== Material shown ==

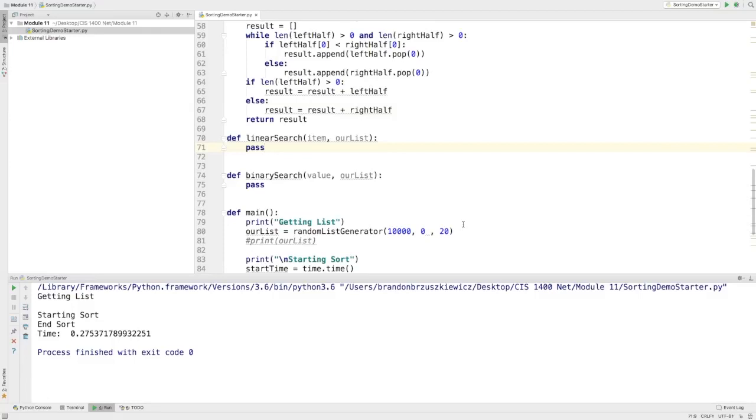Hello CIS and welcome to the end of the search and sort demo. We've already gone through all the sorting, so it's time to get into some searching. I'm going to go through two algorithms with you today, a linear search and a binary search. We'll start with the linear search.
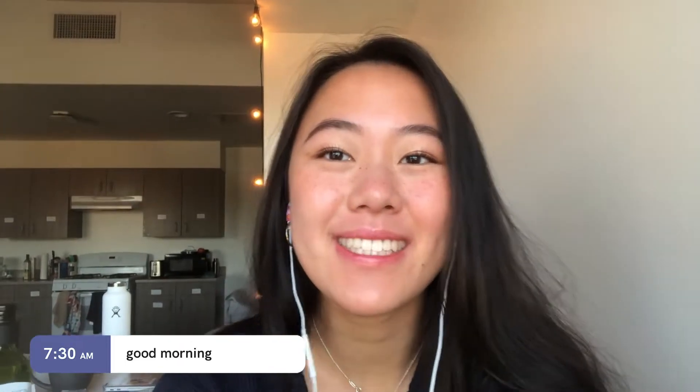Hey everyone, I'm Lindsay and I'm a sophomore studying computer science. Today I'm going to take you around in a day in my life. I only have two classes today, but right now my suite mate Sam and I are doing some work and eating breakfast before our first class.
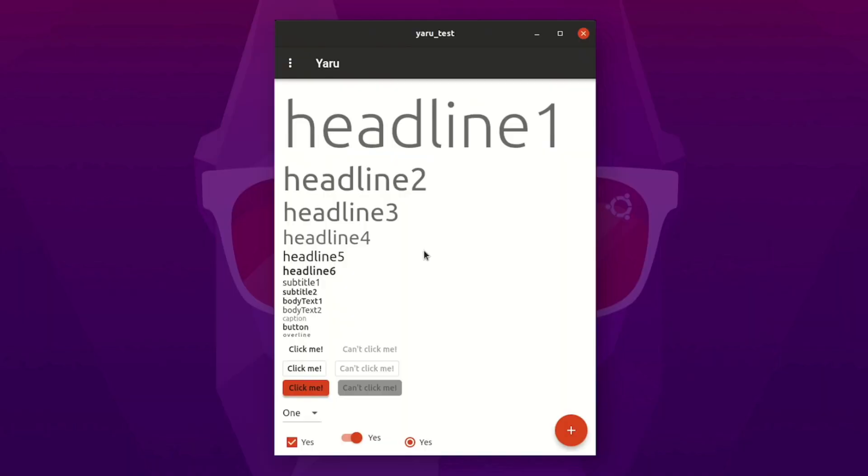Also, due to this support, Canonical also created their own theme using the material design specification, which is pretty cool.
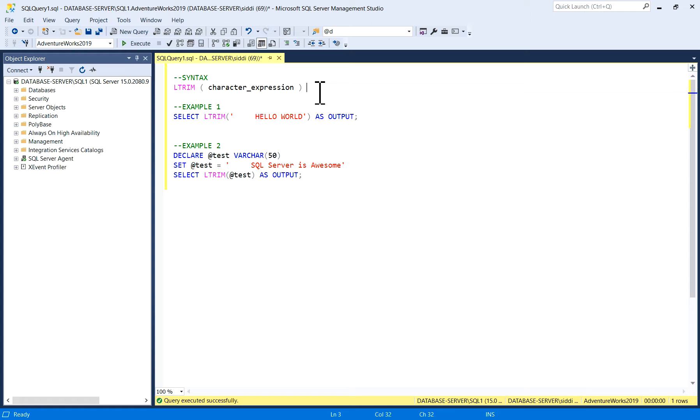SQL LTRIM function is a string function which is used to remove empty spaces from the left-hand side of a character expression. This LTRIM function will return varchar or nvarchar value as output.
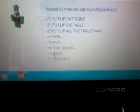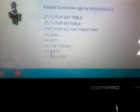Like this guy, for example. Flip that table. Flip this table. Flip all the tables now. Son, put the tables back. Sorry, Dad. I got him because he wants to flip it, and it makes your dad mad.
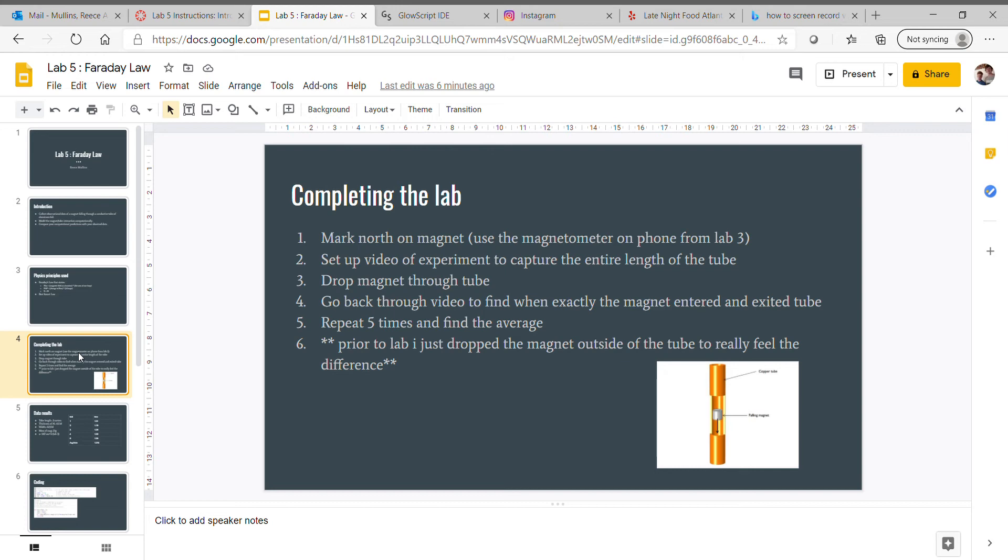I set my phone up against one of my books. Drop the magnet through the tube, then go back through the video to find exactly where the magnet entered and exited the tube.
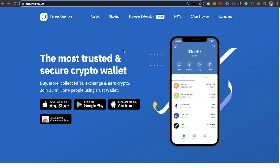Hey guys, welcome back again, this is Big Crypto right here. In this video I'm going to talk about Trust Wallet. Trust Wallet has finally introduced the browser extension.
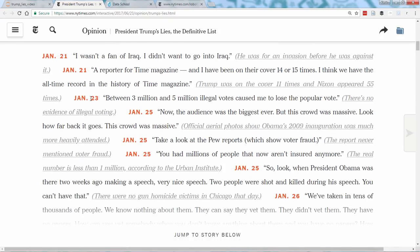This is a great format for human consumption, but it can't easily be understood by a computer. In this tutorial, we'll extract the president's lies from the New York Times article and store them in a structured dataset. This is a common scenario: you find a web page that contains data you want to analyze, but it's not presented in a format you can easily download and read into your favorite data analysis tool. You might imagine manually copying and pasting the data into a spreadsheet, but in most cases that is way too time-consuming.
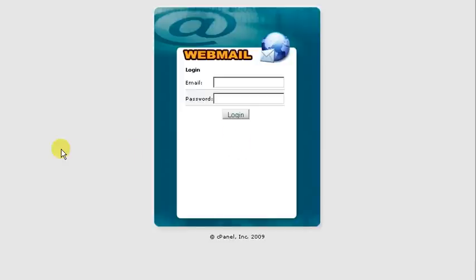Hello and welcome to learningcpanel.com. In this video tutorial we're going to show you how to log in and check your email accounts.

== Instructions to follow ==
Give the listing above again in its entirety and exactly; do not include the pictures.

== Finished exercise ==
Hello CIS and welcome to the end of the search and sort demo. We've already gone through all the sorting, so it's time to get into some searching. I'm going to go through two algorithms with you today, a linear search and a binary search. We'll start with the linear search.
Hey everyone, I'm Lindsay and I'm a sophomore studying computer science. Today I'm going to take you around in a day in my life. I only have two classes today, but right now my suite mate Sam and I are doing some work and eating breakfast before our first class.
Also, due to this support, Canonical also created their own theme using the material design specification, which is pretty cool.
SQL LTRIM function is a string function which is used to remove empty spaces from the left-hand side of a character expression. This LTRIM function will return varchar or nvarchar value as output.
Like this guy, for example. Flip that table. Flip this table. Flip all the tables now. Son, put the tables back. Sorry, Dad. I got him because he wants to flip it, and it makes your dad mad.
I set my phone up against one of my books. Drop the magnet through the tube, then go back through the video to find exactly where the magnet entered and exited the tube.
Hey guys, welcome back again, this is Big Crypto right here. In this video I'm going to talk about Trust Wallet. Trust Wallet has finally introduced the browser extension.
This is a great format for human consumption, but it can't easily be understood by a computer. In this tutorial, we'll extract the president's lies from the New York Times article and store them in a structured dataset. This is a common scenario: you find a web page that contains data you want to analyze, but it's not presented in a format you can easily download and read into your favorite data analysis tool. You might imagine manually copying and pasting the data into a spreadsheet, but in most cases that is way too time-consuming.
Hello and welcome to learningcpanel.com. In this video tutorial we're going to show you how to log in and check your email accounts.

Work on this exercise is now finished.